Input material:
=======

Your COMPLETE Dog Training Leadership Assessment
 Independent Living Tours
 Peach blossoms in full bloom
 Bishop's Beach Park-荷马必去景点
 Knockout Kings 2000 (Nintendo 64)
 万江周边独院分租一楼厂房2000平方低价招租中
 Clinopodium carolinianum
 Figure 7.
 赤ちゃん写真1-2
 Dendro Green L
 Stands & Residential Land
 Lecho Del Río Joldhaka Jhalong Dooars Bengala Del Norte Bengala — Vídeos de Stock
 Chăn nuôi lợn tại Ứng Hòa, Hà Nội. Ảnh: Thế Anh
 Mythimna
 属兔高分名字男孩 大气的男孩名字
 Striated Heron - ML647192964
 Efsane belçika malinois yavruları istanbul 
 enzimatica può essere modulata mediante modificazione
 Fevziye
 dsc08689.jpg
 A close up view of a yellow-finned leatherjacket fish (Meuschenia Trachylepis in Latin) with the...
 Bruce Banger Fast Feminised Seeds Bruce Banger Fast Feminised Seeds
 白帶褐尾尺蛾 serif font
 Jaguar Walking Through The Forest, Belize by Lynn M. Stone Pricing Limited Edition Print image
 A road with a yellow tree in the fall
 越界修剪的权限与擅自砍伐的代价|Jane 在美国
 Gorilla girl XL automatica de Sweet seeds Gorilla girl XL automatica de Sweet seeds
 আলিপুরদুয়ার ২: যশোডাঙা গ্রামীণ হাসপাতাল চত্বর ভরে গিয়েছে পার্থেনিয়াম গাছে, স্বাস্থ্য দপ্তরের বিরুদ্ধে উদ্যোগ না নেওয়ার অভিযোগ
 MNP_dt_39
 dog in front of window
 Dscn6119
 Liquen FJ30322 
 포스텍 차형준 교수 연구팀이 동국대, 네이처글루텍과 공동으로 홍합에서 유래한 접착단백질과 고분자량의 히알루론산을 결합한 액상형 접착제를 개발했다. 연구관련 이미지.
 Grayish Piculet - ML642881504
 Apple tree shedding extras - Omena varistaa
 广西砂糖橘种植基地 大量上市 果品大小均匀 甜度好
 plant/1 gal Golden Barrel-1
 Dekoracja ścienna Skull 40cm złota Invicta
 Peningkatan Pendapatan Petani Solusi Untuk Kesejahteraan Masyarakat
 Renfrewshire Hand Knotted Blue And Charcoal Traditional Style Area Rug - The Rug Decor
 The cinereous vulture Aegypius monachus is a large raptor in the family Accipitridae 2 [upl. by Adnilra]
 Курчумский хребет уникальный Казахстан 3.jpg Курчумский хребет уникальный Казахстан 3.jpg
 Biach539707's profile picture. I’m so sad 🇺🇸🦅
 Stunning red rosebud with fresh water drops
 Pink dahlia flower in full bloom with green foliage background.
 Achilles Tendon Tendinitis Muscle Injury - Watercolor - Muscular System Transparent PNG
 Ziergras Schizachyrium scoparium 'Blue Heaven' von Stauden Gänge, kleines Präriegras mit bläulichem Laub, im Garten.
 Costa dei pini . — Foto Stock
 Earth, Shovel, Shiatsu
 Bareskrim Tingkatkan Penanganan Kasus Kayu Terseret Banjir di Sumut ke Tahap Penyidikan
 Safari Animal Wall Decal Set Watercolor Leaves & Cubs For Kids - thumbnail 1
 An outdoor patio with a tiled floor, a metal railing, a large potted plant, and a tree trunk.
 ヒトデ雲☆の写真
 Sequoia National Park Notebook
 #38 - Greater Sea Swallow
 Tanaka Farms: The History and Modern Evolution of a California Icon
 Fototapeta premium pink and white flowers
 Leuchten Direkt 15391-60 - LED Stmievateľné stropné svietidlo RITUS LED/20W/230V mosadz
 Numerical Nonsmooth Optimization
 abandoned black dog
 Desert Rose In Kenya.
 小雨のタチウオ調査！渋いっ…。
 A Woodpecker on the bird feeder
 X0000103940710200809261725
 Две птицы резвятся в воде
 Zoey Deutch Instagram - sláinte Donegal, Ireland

=======

Activity: Go through the material above and copy each line that has the word "Stock".

Solution to the exercise:
 Lecho Del Río Joldhaka Jhalong Dooars Bengala Del Norte Bengala — Vídeos de Stock
 Costa dei pini . — Foto Stock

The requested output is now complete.